En seconde partie, les émouvantes Six consolations S.172 offrent une belle et délicieuse unité. La touche est claire, le son ciselé à traits précis. L’Andante con moto se montre délicieux de tendresse dans un rubato fraternel. Le Poco piu mosso (n°2) délivre un chant d’une grande sobriété, dans des chaleurs semblables à celles des futurs mouvements lents de la Sonate en si mineur ; la touche est ronde, les arpèges quasi-perlés délicieux – et l’ensemble enchante. Résonnances amoureuses et d’une sobriété quasi-mystique au célèbre Lento placido qui ne dément pas son nom – consolation en effet, d’une simplicité étourdissante dans un son à la fois très en pâte et fort détouré, allant l’amble d’une chansonnette murmurée jusque dans la vapeur des charmes finaux. Les trois derniers numéros sont délivrés dans cette humeur, et malgré quelques étonnements dans le rubato, s’en vont chantant dans une musicalité fine inscrite aux formes les plus infimes du désir (ou l’infini, comme on voudra) de laquelle les mots n’ont pas grand-chose à dire.

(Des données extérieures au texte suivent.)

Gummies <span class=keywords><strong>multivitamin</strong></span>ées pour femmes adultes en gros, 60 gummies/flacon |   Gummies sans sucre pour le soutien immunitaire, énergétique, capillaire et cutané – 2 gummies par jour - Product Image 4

Le concert s’achève sur la Première Méphisto Valse « La danse à l’auberge du village » S.514. Œuvre d’un Liszt coruscant et virtuose, en apparence assez éloigné des ciselures des pièces antérieures, elle est délivrée dans une virtuosité soutenue, aux accents moussorgskiens peut-être, tchaïkovskiens parfois. On n’y regrettera juste que le Steinway ait du mal à tenir l’accord.

Comme souvent généreux, Andreï Korobeinikov clôt la soirée de quatre bis. Le très lisztien Poème Op.32 n°2 d’Alexandre Scriabine, aux résonnances tour à tour liquides et furieuses, est suivi d’un sur-explosif Prélude en sol mineur Op.23 n°5 de Sergueï Rachmaninov, d’une musicalité toute romantique en sa partie centrale. La quatrième des Bagatalles Op.126 de Ludwig van Beethoven, est délivrée dans un rythme effréné : touche percussive et moires vaporeuses. D’Alexandre Scriabine à nouveau, L’Étude en ut dièse mineur Op.42 conclue le récital dans la virtuosité dramatique de ses draperies d’aurores boréales.